Titel:
Antrag auf gerichtliche Entscheidung, Haftraum, Beurteilungsspielraum, Unerlässlichkeit, Sicherungsmaßnahmen, Videoüberwachung, Kostenentscheidung, Festsetzung des Gegenstandswertes, Rechtswidrigkeit, Unbestimmte Rechtsbegriffe, Antragstellers, Feststellungsantrag, Vollzugsbehörde, Eingriffsvoraussetzungen, Gefahrenprognose, Prognoseentscheidung, Strafvollstreckungskammer, Gerichtliche Überprüfung, Notwendige Auslagen, Gerichtliche Entscheidung
Schlagworte:
Rehabilitationsinteresse, Rechtmäßigkeit der Maßnahme, Gefahrenprognose, Verhältnismäßigkeitsgrundsatz, Ermessensfehler, Kumulation der Maßnahmen, Kostenentscheidung
Fundstelle:
BeckRS 2024, 28033
Tenor
1. Auf den Antrag auf gerichtliche Entscheidung vom 27.10.2023 hin wird festgestellt, dass die Anordnung der Unterbringung in einem besonders gesicherten Haftraum mit Videoüberwachung in der Zeit vom 20.10.2023 bis 24.10.2023 rechtswidrig war und den Antragsteller in seinen Rechten verletzt.
2. Die Staatskasse hat die Kosten des Verfahrens und die notwendigen Auslagen des Antragstellers zu tragen.

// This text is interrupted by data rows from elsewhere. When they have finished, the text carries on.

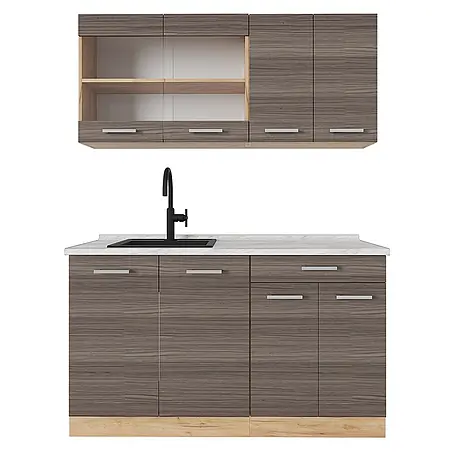 Vicco  Singleküche R-Line Edelgrau/Goldkraft Eiche, AP Marmor
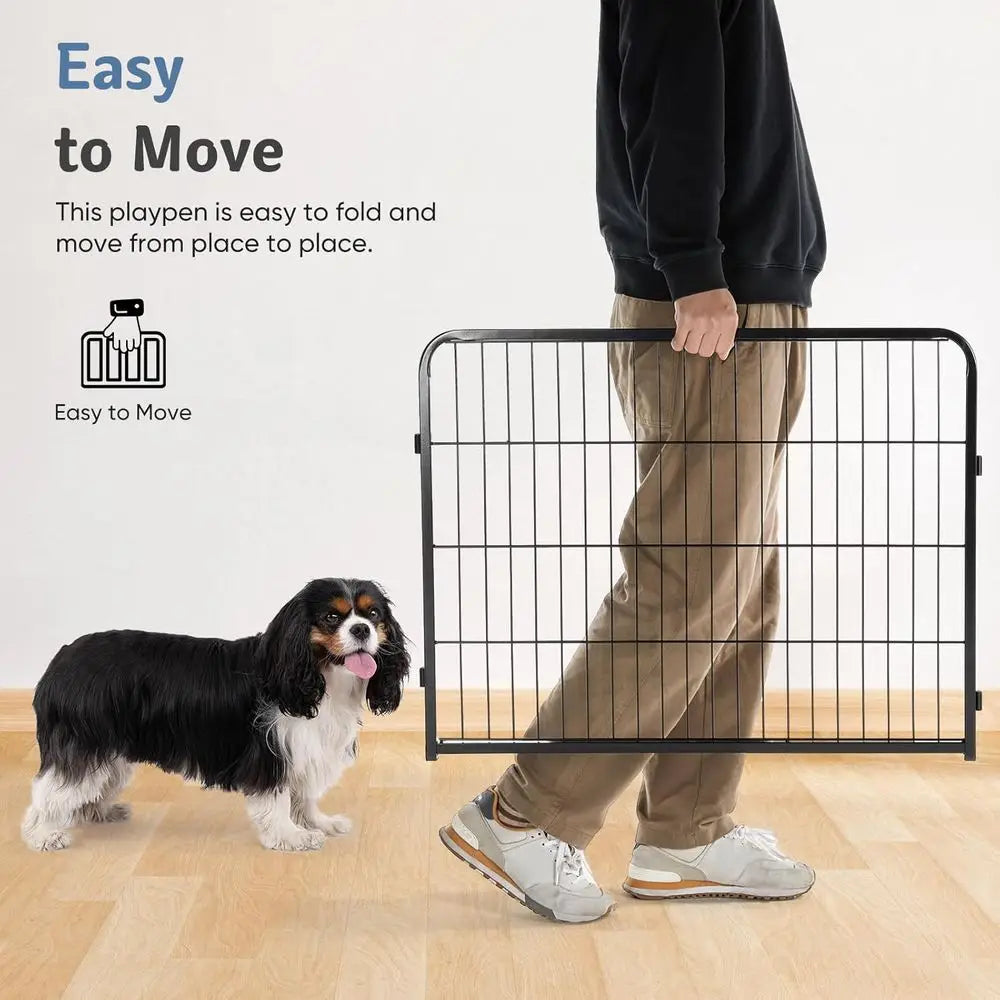 Indoor Metal 32 Inch 8 Panels Foldable Pet Fence with Door, Outdoor Small Medium Large Dog Portable Exercise Play Pen or RV Camp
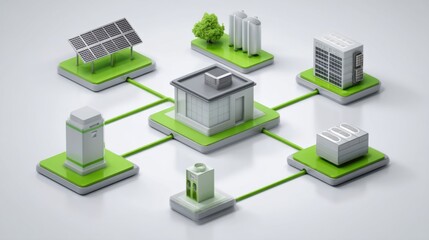 Modern Renewable Energy System with Solar Panels and Green Infrastructure in a Connected Network for Sustainable Solutions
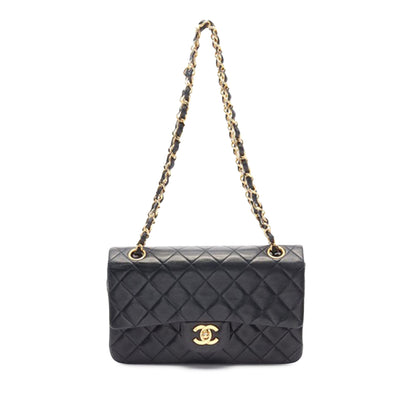 Black Chanel Small Classic Lambskin Double Flap Shoulder Bag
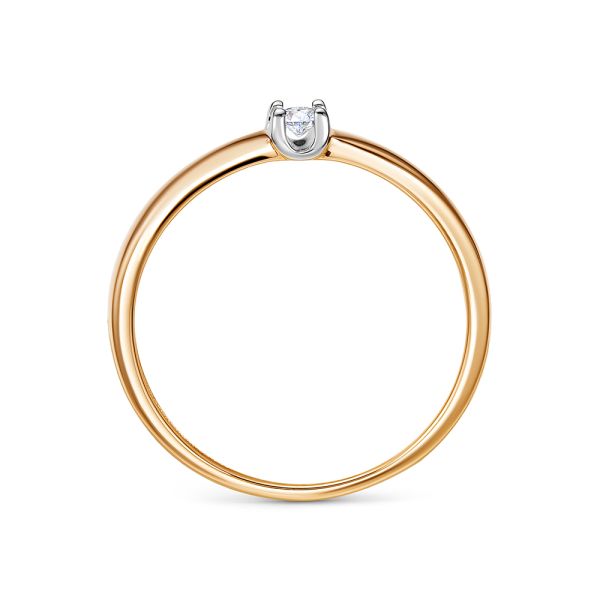 Кольцо с бриллиантом 0.062 карат из красного золота 140600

3. Der Wert des Verfahrensgegenstandes wird auf 200 € festgesetzt.
Gründe
1
Der Antragsteller befindet in Strafhaft in der Justizvollzugsanstalt S. .
2
Mit Schreiben vom 23.10.2023 hat der Antragsteller eine gerichtliche Entscheidung nach § 114 StVollzG beantragt. Als Betreff war lediglich angegeben „Prüfen auf Rechtmäßigkeit nach § 114 StVollzG“. Als Grund wurde ein unrechtmäßig langer Aufenthalt in einer Videozelle (über 48 Stunden) ohne triftigen Grund und richterlichen Beschluss angegeben.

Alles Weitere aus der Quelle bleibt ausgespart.